(Scraped caption text data)

==============================

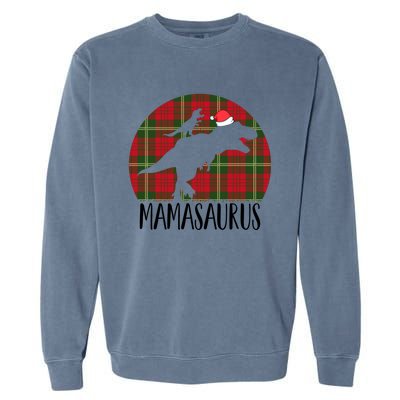 Mamasaurus T Rex Matching Family Christmas Dinosaur Mom Gift Garment-Dyed Sweatshirt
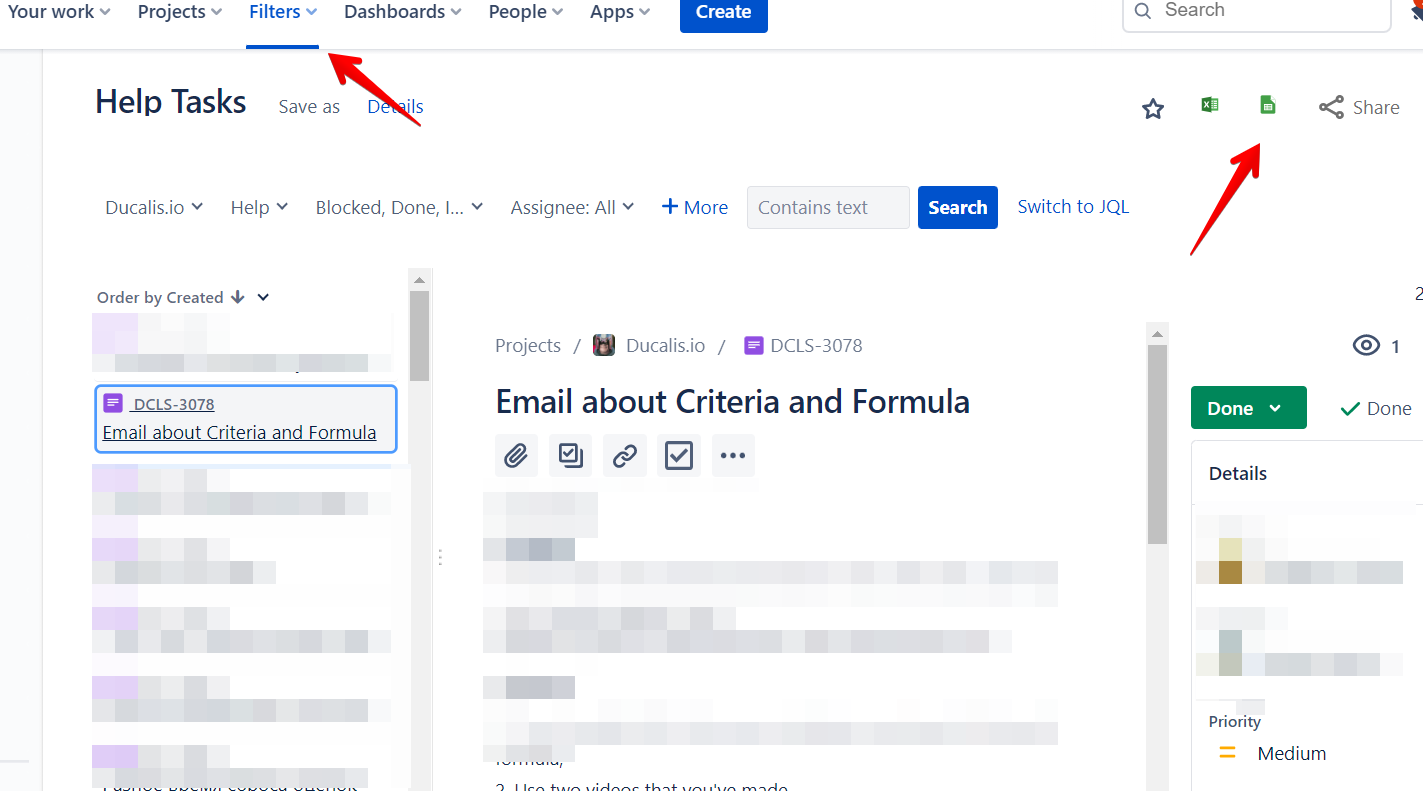 課題をフィルタリング
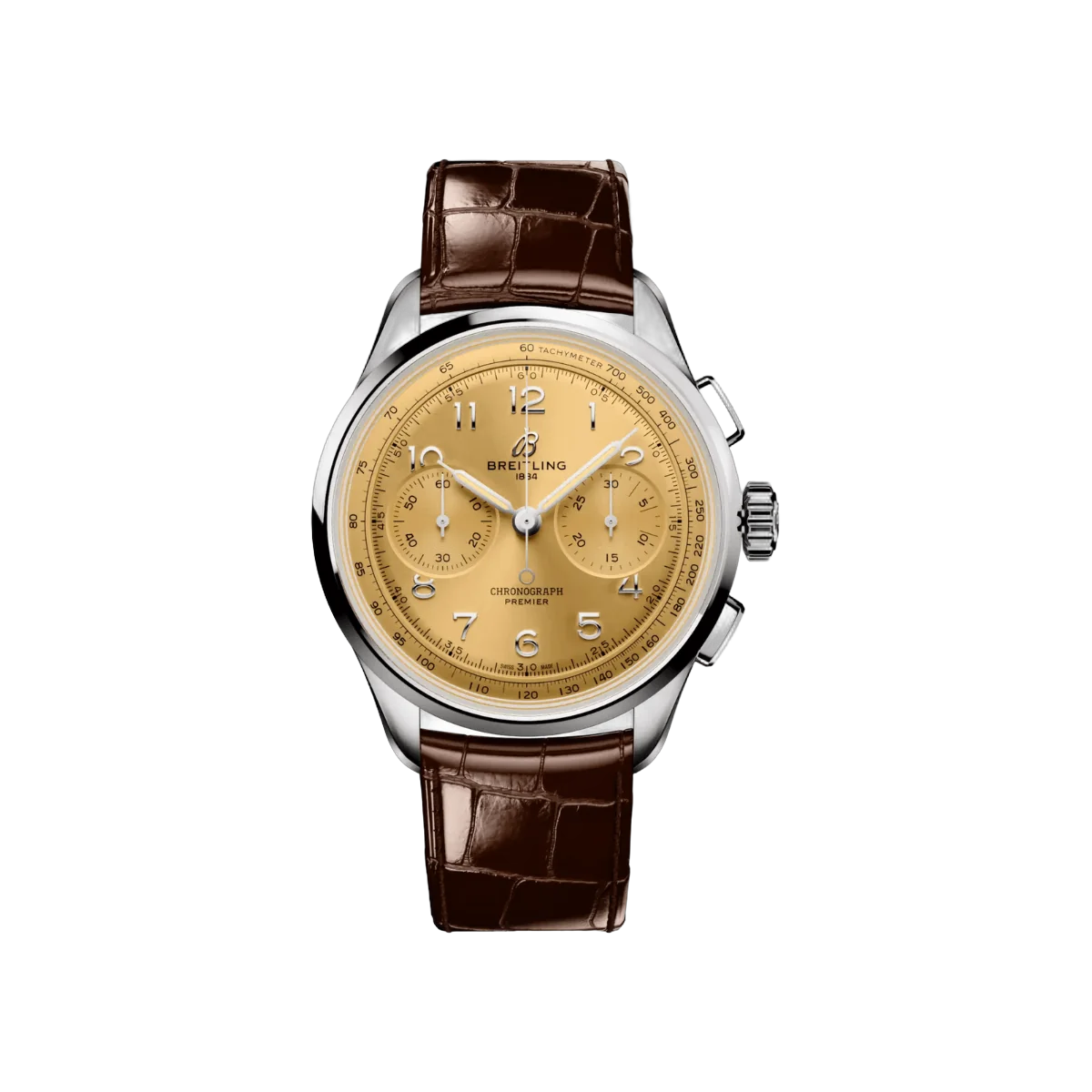 Breitling Premier B09 Chronograph AB0930F51H1P1 40mm Yellow Dial Mens Watch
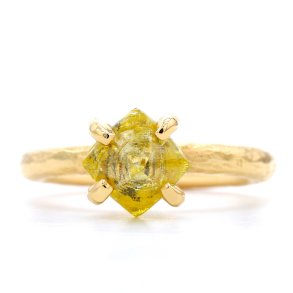 RING MED INTENSE YELLOW R DIAMANT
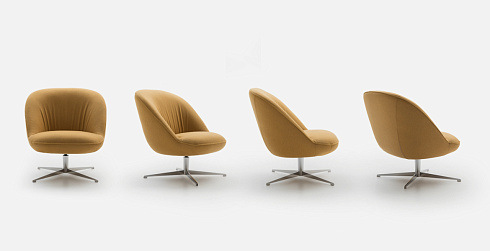 Кресло Pianca Ella Ella D9EL080+Velvet col.11+Matt Cromo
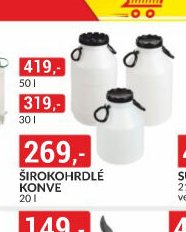 ŠIROKOHRDLE KONVE 20 l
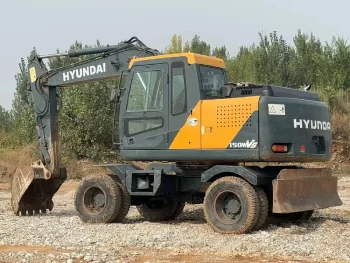 Used Hyundai R140W 7 Wheeled Excavator for Sale1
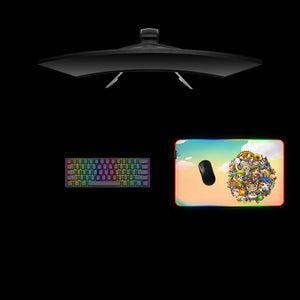 MapleStory Design Medium Size RGB Lighting Gamer Mouse Pad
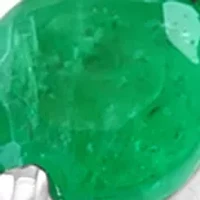 Natural Emerald Ring in Sterling Silver 
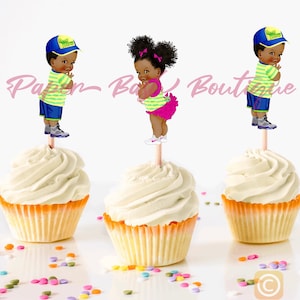 Fresh Prince or Fresh Princess Gender Reveal Cupcake Toppers, Fresh Prince Gender Reveal Supplies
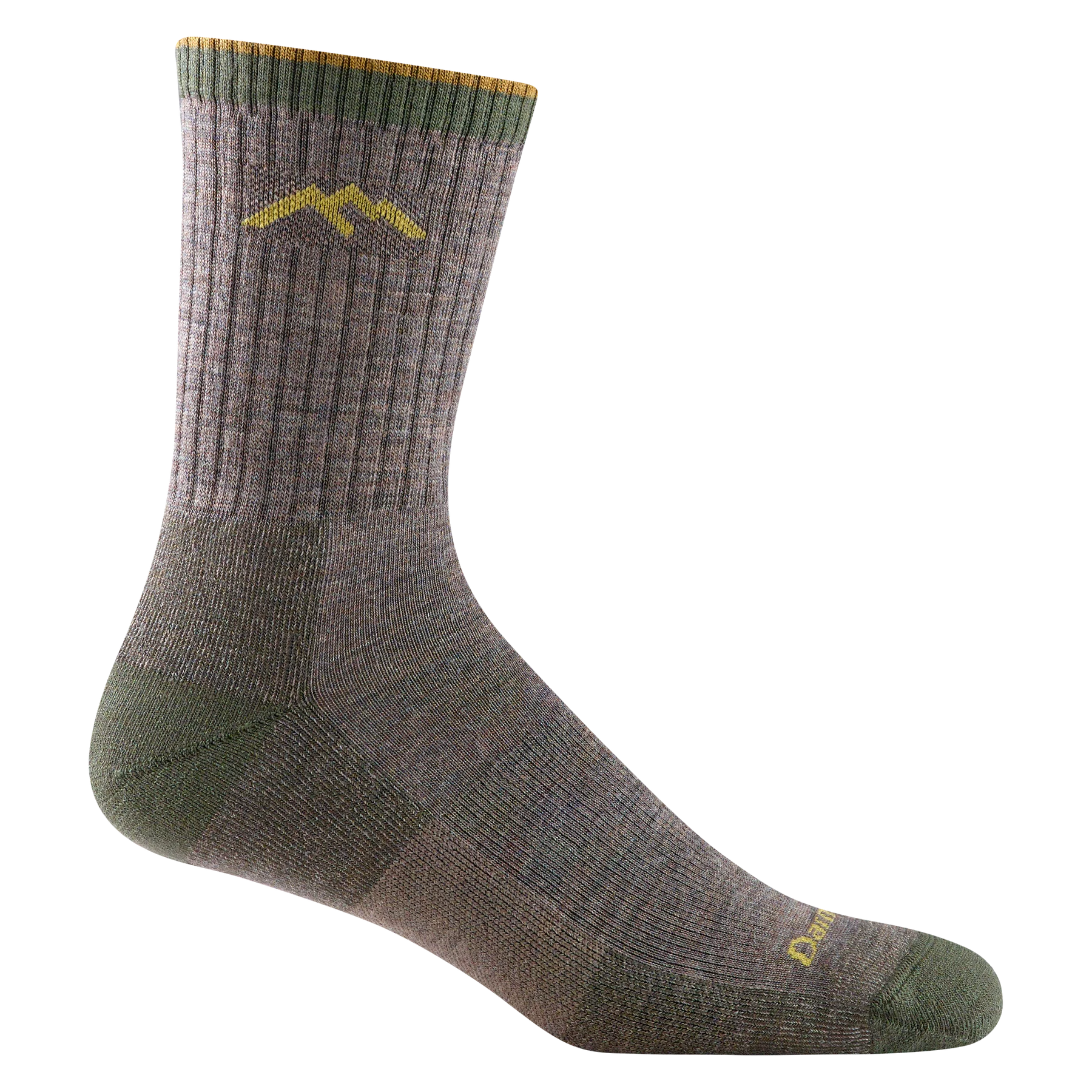 Darn Tough - Men's Hiker Micro Crew Midweight Hiking Socks (Taupe)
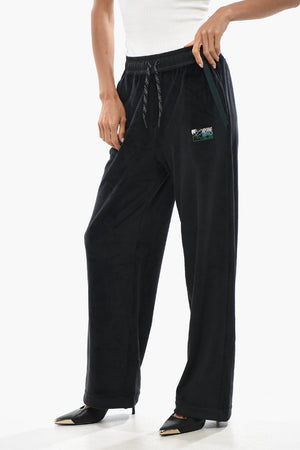 DAY-NAMIC Chenille-Jogger mit elastischem Bund aus Nylon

==============================

Copy all records exactly, no images.

Reply to the exercise:
 Mamasaurus T Rex Matching Family Christmas Dinosaur Mom Gift Garment-Dyed Sweatshirt
 課題をフィルタリング
 Breitling Premier B09 Chronograph AB0930F51H1P1 40mm Yellow Dial Mens Watch
 RING MED INTENSE YELLOW R DIAMANT
 Кресло Pianca Ella Ella D9EL080+Velvet col.11+Matt Cromo
 ŠIROKOHRDLE KONVE 20 l
 Used Hyundai R140W 7 Wheeled Excavator for Sale1
 MapleStory Design Medium Size RGB Lighting Gamer Mouse Pad
 Natural Emerald Ring in Sterling Silver 
 Fresh Prince or Fresh Princess Gender Reveal Cupcake Toppers, Fresh Prince Gender Reveal Supplies
 Darn Tough - Men's Hiker Micro Crew Midweight Hiking Socks (Taupe)
 DAY-NAMIC Chenille-Jogger mit elastischem Bund aus Nylon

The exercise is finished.